**Information shown**
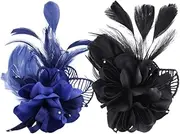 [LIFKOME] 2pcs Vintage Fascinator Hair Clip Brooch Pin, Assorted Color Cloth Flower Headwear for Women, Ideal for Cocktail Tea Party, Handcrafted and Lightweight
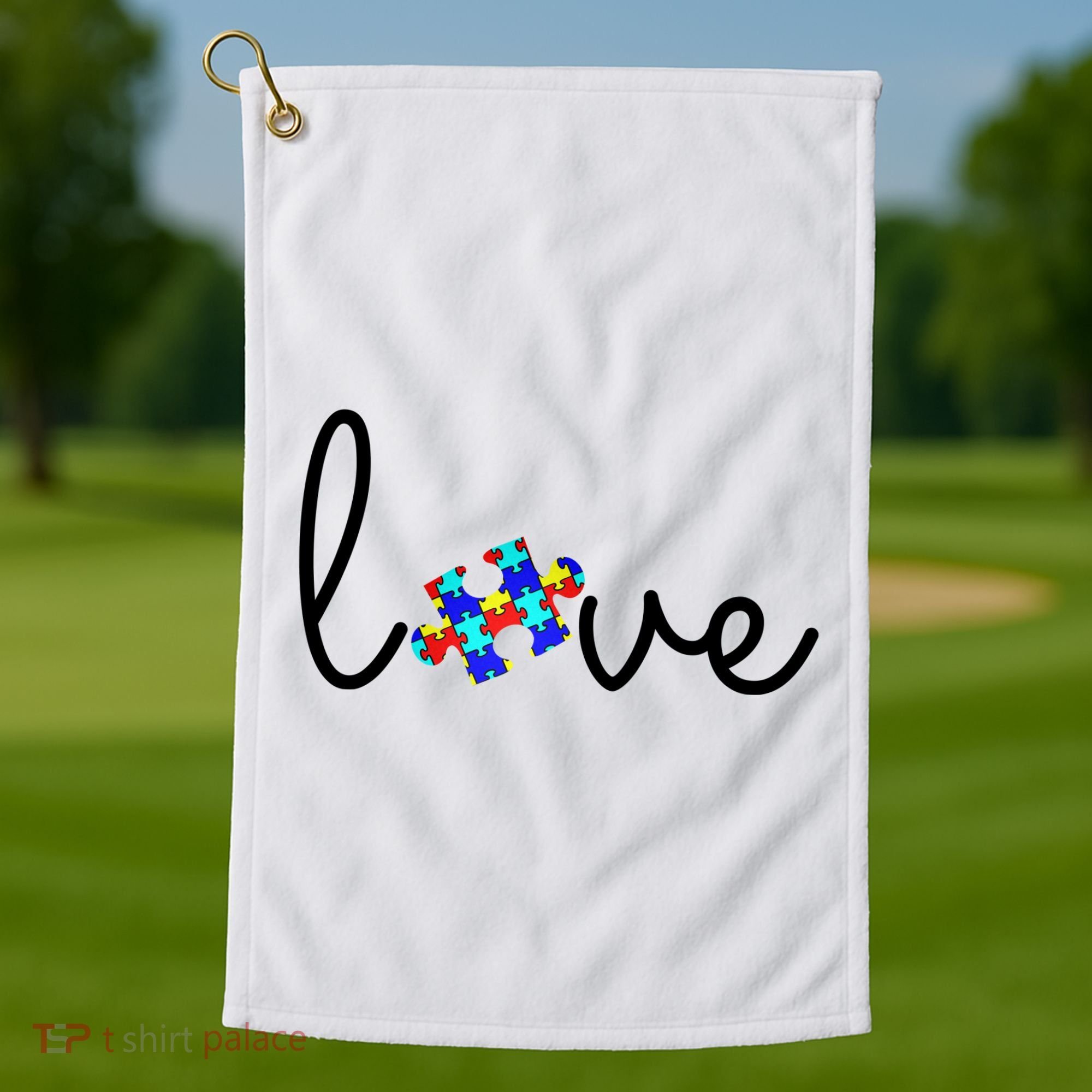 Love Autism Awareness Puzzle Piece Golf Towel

...

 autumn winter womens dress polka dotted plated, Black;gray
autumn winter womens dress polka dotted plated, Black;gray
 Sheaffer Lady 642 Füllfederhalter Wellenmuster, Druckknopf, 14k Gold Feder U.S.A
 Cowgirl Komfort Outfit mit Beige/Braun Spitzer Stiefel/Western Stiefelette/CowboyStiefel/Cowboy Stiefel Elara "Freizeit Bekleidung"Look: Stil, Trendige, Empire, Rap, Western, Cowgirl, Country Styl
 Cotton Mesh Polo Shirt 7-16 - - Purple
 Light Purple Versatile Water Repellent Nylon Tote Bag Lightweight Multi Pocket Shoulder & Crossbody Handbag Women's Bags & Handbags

**What to work on**
Print nothing but the lines above starting with the line that contains "[LIFKOME] 2pcs Vintage" and going on through the line that contains "Love Autism Awareness". Leave out the pictures.

**Solution to the exercise**
 [LIFKOME] 2pcs Vintage Fascinator Hair Clip Brooch Pin, Assorted Color Cloth Flower Headwear for Women, Ideal for Cocktail Tea Party, Handcrafted and Lightweight
 Love Autism Awareness Puzzle Piece Golf Towel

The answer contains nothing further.